» **TRY IT**
Everything in the data that follows should be given again verbatim, except the images.

» **INFORMATION PROVIDED**
--------------------
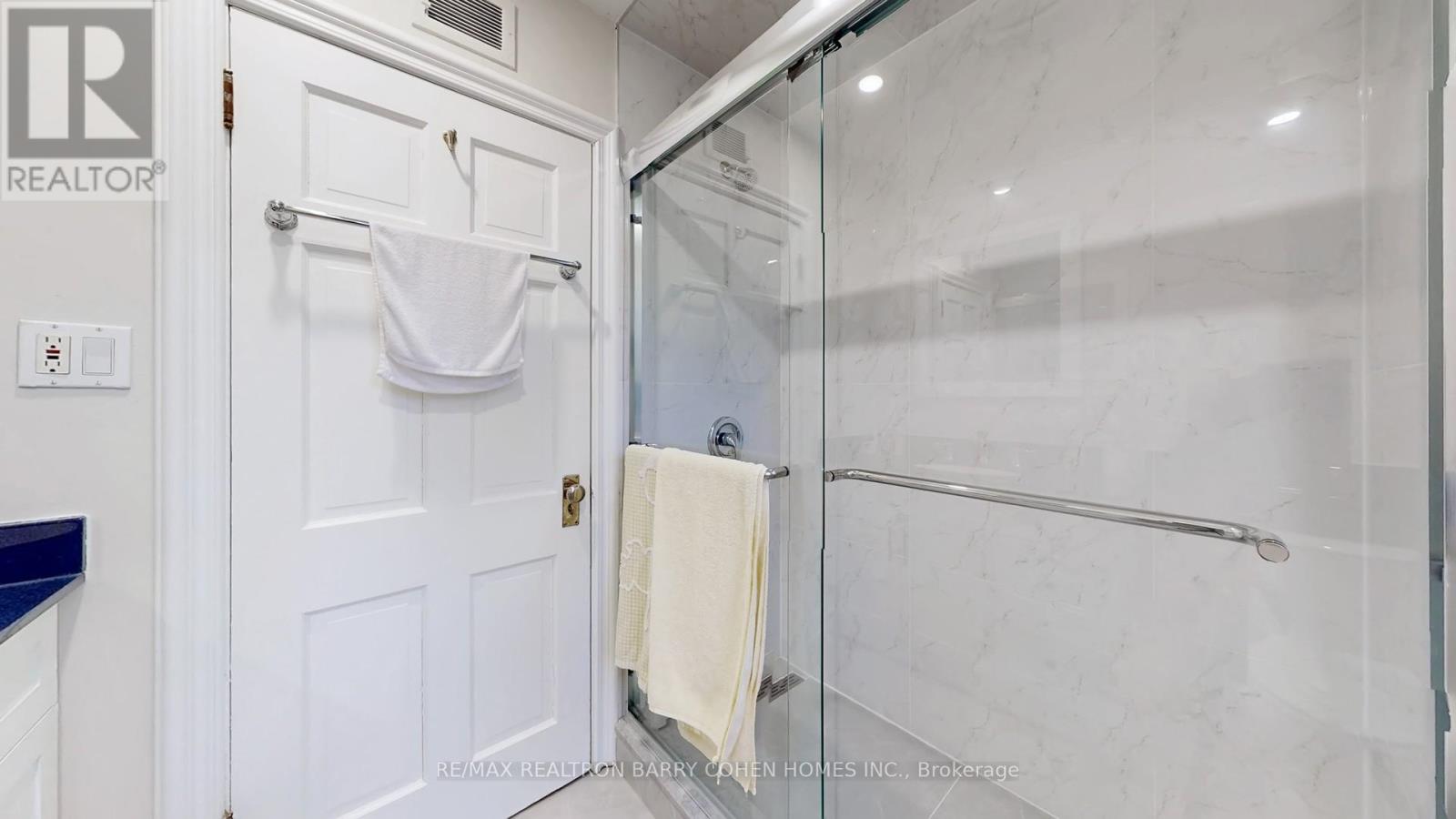 156 Cortleigh Boulevard, Toronto, Ontario  M5N 1P5 - Photo 18 - C12803342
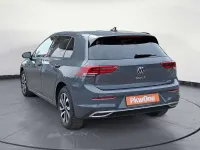 Gebraucht VW Golf VIII Life 110 PS (80 kW) 2023 Grau Limousine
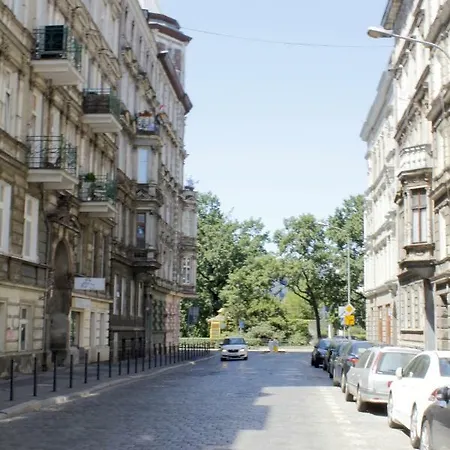Daire City Center, For 4 People
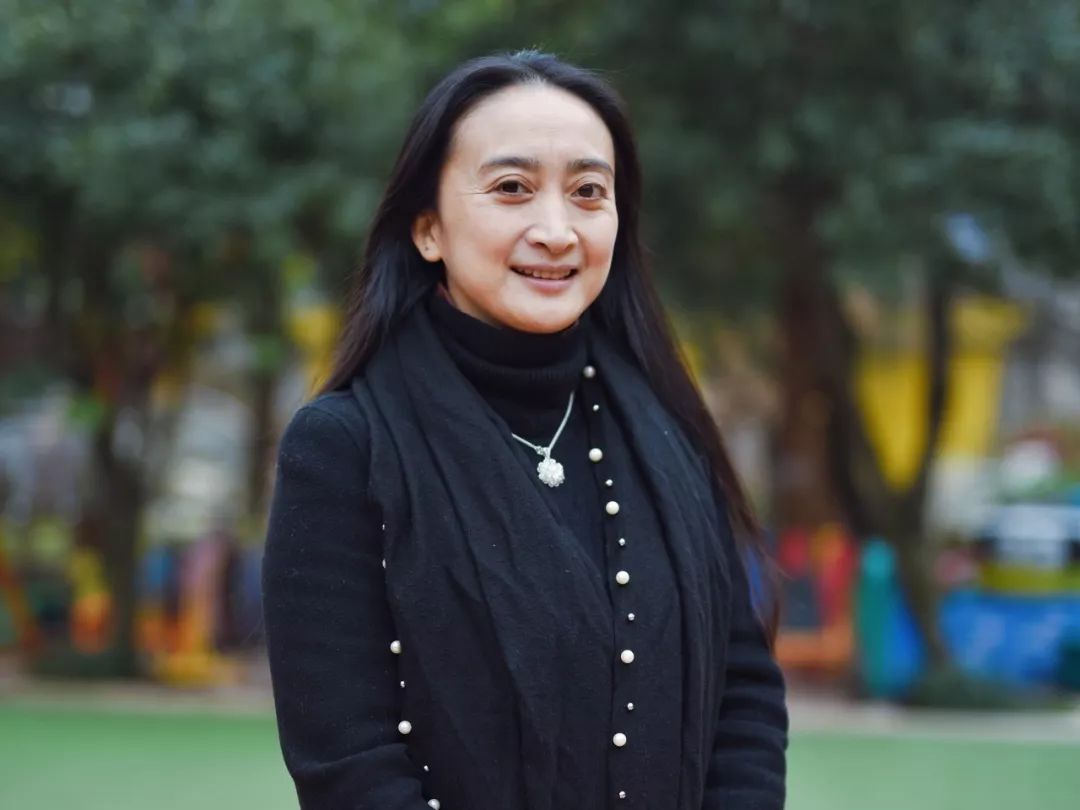 思享汇第4季嘉宾来啦曾琴被儿童打动过的人最美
--------------------
» **RESULT OF THE EXERCISE**
 156 Cortleigh Boulevard, Toronto, Ontario  M5N 1P5 - Photo 18 - C12803342
 Gebraucht VW Golf VIII Life 110 PS (80 kW) 2023 Grau Limousine
Daire City Center, For 4 People
 思享汇第4季嘉宾来啦曾琴被儿童打动过的人最美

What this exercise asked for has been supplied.